* _WHAT IS REQUIRED_
The answer must consist of each line below that contains the word "online", copied in full.

══ RECORDS FOR THIS EXERCISE

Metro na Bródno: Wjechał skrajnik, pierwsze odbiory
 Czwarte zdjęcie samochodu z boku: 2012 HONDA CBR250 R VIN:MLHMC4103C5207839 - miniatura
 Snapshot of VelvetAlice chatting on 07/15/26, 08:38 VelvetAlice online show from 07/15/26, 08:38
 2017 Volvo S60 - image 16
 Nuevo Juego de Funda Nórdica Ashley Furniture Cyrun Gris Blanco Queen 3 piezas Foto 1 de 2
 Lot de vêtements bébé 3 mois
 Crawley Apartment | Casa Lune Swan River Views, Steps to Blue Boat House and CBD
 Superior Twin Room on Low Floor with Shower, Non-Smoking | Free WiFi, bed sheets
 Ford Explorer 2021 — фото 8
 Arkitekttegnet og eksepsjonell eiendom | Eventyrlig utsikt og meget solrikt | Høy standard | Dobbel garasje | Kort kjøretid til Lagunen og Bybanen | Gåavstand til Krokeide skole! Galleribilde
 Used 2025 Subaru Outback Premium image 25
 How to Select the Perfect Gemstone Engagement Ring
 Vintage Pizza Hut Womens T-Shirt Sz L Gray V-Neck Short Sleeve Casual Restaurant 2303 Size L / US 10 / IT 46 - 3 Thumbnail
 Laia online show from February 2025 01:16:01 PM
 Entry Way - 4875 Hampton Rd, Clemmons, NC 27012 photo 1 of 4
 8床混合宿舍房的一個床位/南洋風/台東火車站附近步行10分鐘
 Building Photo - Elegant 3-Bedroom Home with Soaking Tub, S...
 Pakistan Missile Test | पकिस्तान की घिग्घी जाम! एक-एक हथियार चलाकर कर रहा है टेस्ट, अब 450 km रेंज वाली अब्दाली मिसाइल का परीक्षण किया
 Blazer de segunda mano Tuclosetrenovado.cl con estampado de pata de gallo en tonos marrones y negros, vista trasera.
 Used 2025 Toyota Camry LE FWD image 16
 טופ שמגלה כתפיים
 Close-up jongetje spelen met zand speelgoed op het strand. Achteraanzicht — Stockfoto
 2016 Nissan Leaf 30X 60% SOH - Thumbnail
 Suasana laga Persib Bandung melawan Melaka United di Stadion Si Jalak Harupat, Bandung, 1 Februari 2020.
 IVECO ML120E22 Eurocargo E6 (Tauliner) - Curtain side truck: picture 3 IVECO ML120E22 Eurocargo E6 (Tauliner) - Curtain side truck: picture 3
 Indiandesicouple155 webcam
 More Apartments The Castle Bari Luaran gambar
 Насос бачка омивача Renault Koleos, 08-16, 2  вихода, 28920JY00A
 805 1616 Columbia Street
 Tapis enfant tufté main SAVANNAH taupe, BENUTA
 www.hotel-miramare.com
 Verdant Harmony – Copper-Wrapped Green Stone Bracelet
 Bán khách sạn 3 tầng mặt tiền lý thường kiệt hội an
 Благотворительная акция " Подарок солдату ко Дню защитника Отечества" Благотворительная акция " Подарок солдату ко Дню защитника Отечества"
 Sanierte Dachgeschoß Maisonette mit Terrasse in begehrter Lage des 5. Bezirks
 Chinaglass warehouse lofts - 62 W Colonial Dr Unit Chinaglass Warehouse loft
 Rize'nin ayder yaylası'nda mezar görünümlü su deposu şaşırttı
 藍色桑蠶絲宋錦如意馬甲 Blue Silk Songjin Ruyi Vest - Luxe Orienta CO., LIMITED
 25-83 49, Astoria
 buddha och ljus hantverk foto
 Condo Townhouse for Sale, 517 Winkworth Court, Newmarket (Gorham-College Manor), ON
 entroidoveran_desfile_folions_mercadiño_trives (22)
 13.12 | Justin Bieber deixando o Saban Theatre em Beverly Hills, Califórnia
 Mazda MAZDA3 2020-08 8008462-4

════

* _EXERCISE OUTPUT_
 Snapshot of VelvetAlice chatting on 07/15/26, 08:38 VelvetAlice online show from 07/15/26, 08:38
 Laia online show from February 2025 01:16:01 PM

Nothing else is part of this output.